Ладно, о вкусах не спорят. Тем более что основной-то посыл везде одинаков: «Трагедии нет. Люди взаимозаменяемы». Но в какой бы форме это ни преподносилось, у ребенка двойная травма: мало того, что лишился матери (или даже целой семьи), так еще никому и не расскажешь — не поймут. В лучшем случае немного «поработают по проблеме горевания». Впрочем, ты и сам себя не понимаешь, ведь тебе внушают, что без матери лучше. И что с тобой не все в порядке, если ты никак не можешь смириться с утратой, «зацикливаешься» на ней. А людям (и детям тоже, хотя они не могут все так складно выразить, как взрослые) не хочется выглядеть ненормальными, отбиваться от стаи. Поэтому «улица корчится безъязыкая»: психика начинает вытеснять травмирующие переживания. Нет глубины, она заблокирована. Проще и безопасней скользить по поверхности. Да вот только в таком случае неизбежно происходит эмоциональное отупление (а за ним и интеллектуальное снижение, ведь задумываться тоже опасно: натолкнешься на неудобные вопросы, неразрешимые противоречия и опять разбередишь рану). А это путь к искусственной шизофренизации, поскольку обеднение, уплощение эмоций, развитие холодности и эгоцентризма характерны для шизофрении. Да и сама логика рассуждений: дескать, чушь собачья все эти разговоры про единственную и неповторимую родину и про мать, которую никто не заменит; где сытно — там и родина, кто ребенку создал наиболее комфортные условия жизни — тот пусть и будет его мамой, — из той же области. Всерьез верить в правоту такой убийственно-формальной логики может лишь шизофреник. Недаром этих душевнобольных психиатры часто сравнивают с андерсеновским Каем, у которого застряла в сердце ледяная игла.
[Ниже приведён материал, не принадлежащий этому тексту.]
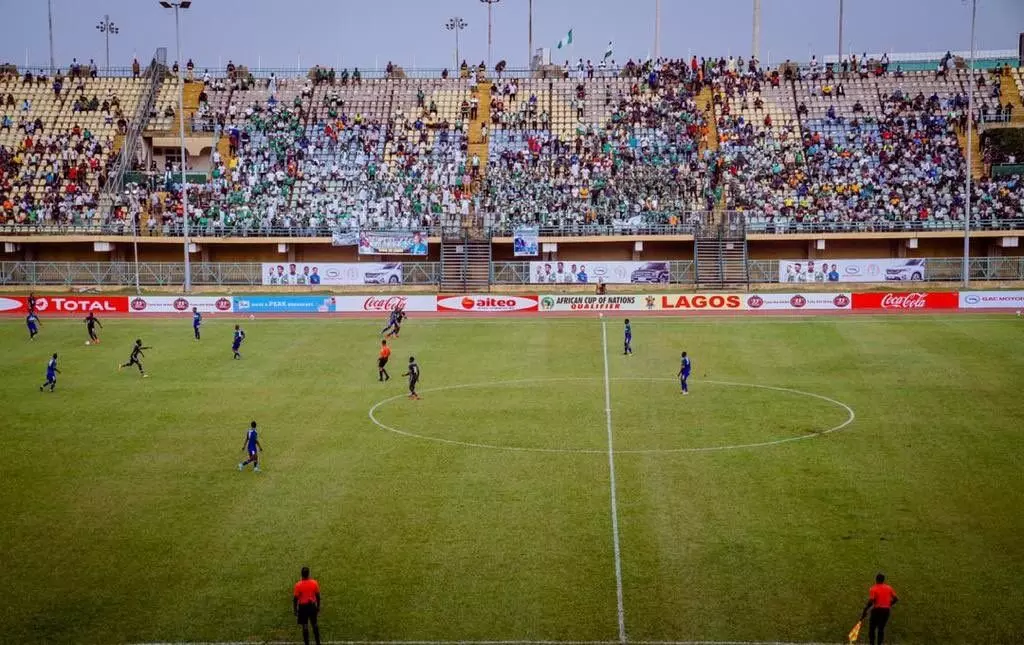 Football enthusiasts call for more Eagles matches in Lagos Football enthusiasts call for more Eagles matches in Lagos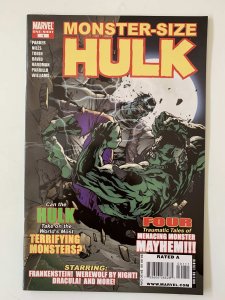 Hulk Monster-Size Special #1 (2008)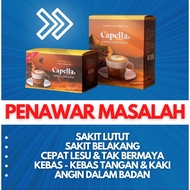 CAPELLA Coffee Premium Arabica Cappucino +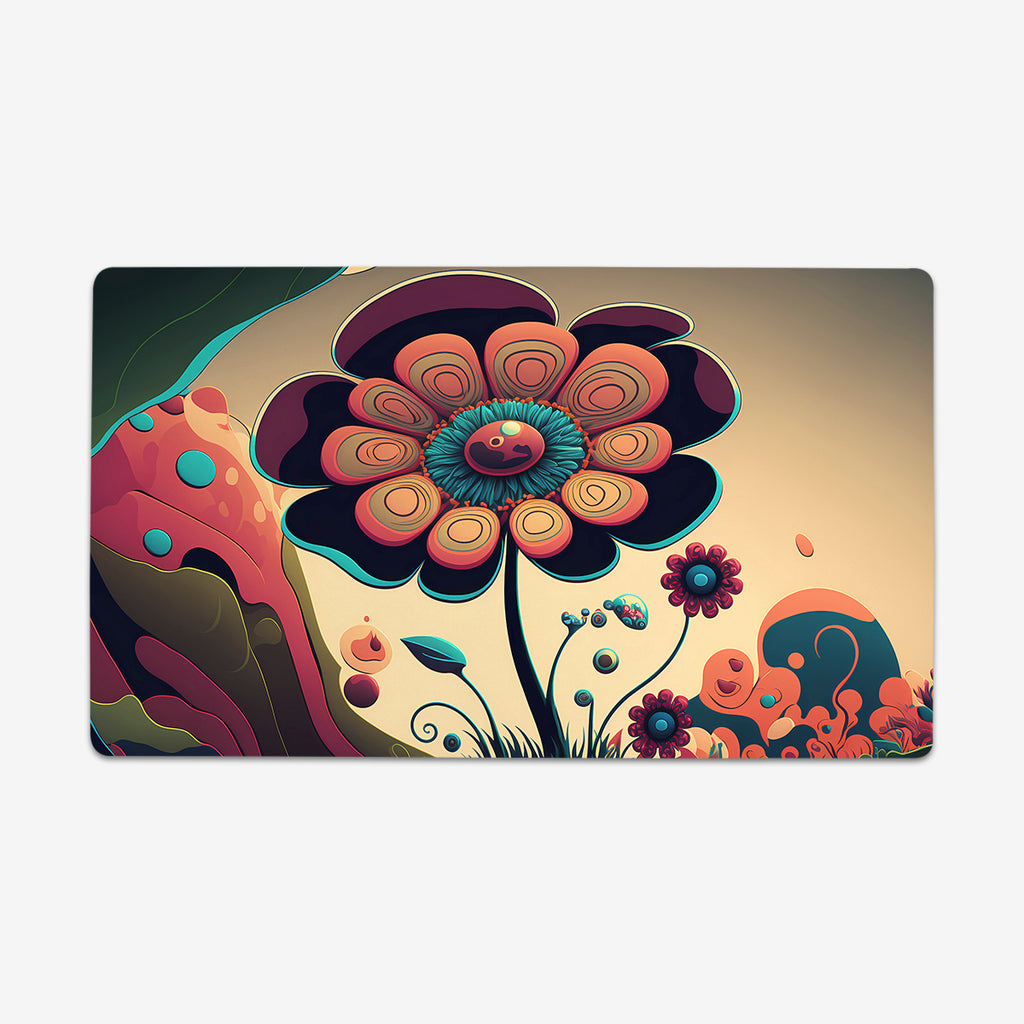 Flower of Wonder Playmat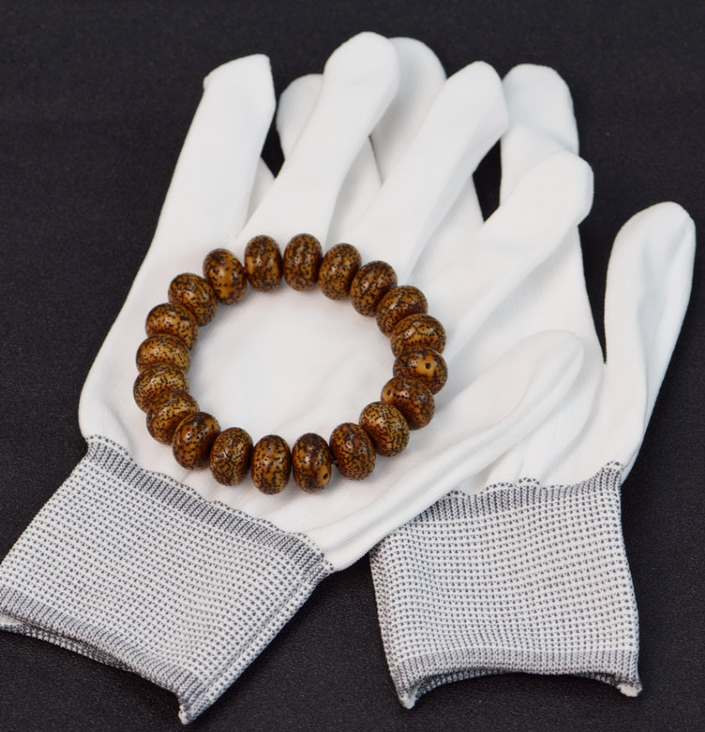 高端品质纳米手套文玩盘珠包浆打底通用抛光手玩把玩核桃金刚菩提耐磨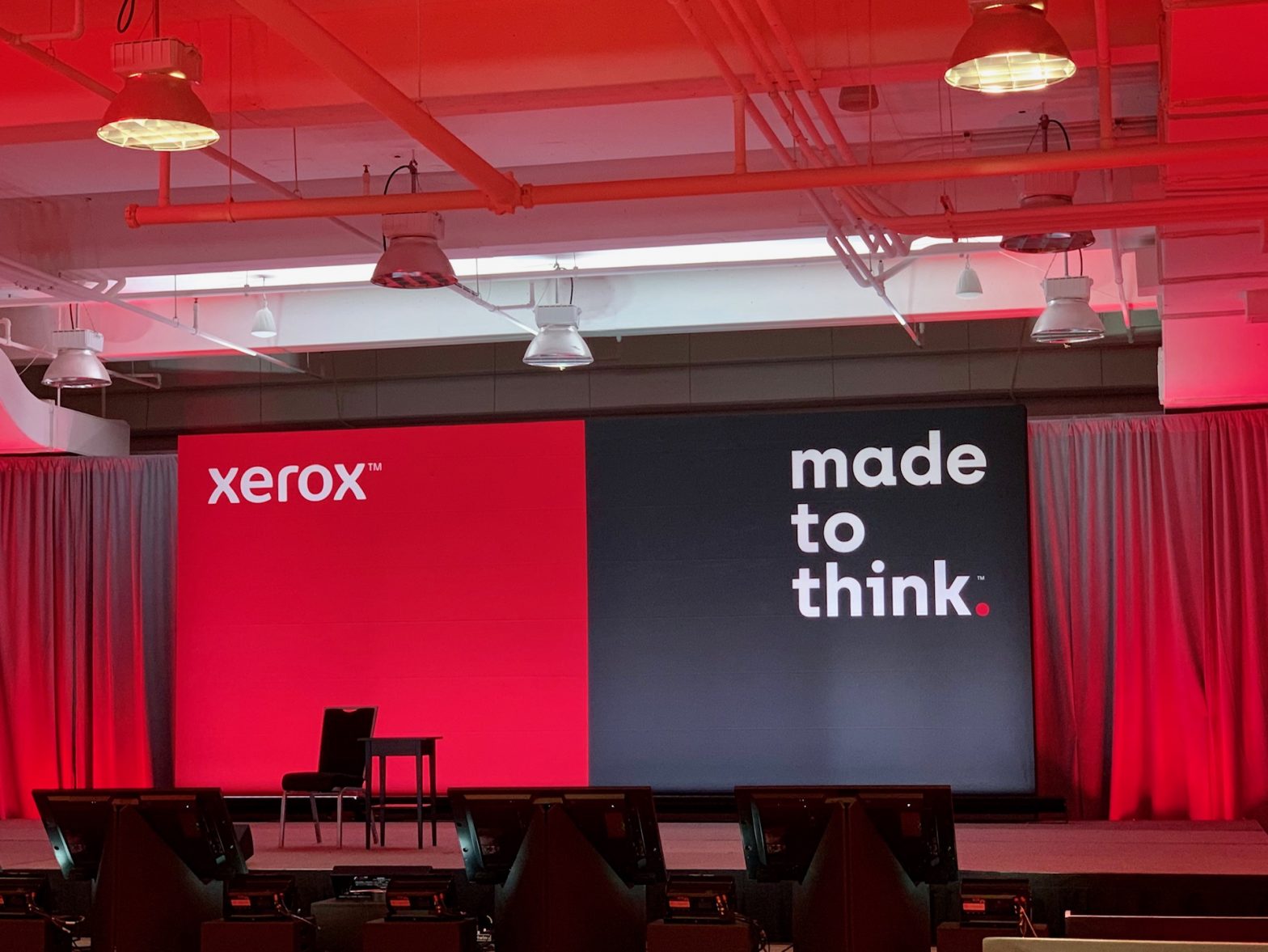 Process Fusion Debuts as Platinum Sponsor at Xerox Global Summit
Но убийственна такая логика не только для окружающих, но и для самого тебя. Отторжение матери, равнодушие и уж тем более ненависть к ней чреваты саморазрушением. Ты же отрываешь и топчешь часть себя! Чем меньше ребенок, тем эта часть больше, ибо личность его еще не сформирована, он во многом еще неразделим с мамой. Так что в запрете злословить родителей, характерном для всех традиционных религий, содержится, помимо всего прочего, и глубокий психологический смысл. А вот сатанизм и его более «мягкие» разновидности, наоборот, культивируют ненависть к родным, особенно к матери. И личность тех, кто попал в эти культы, неизбежно повреждается и разрушается.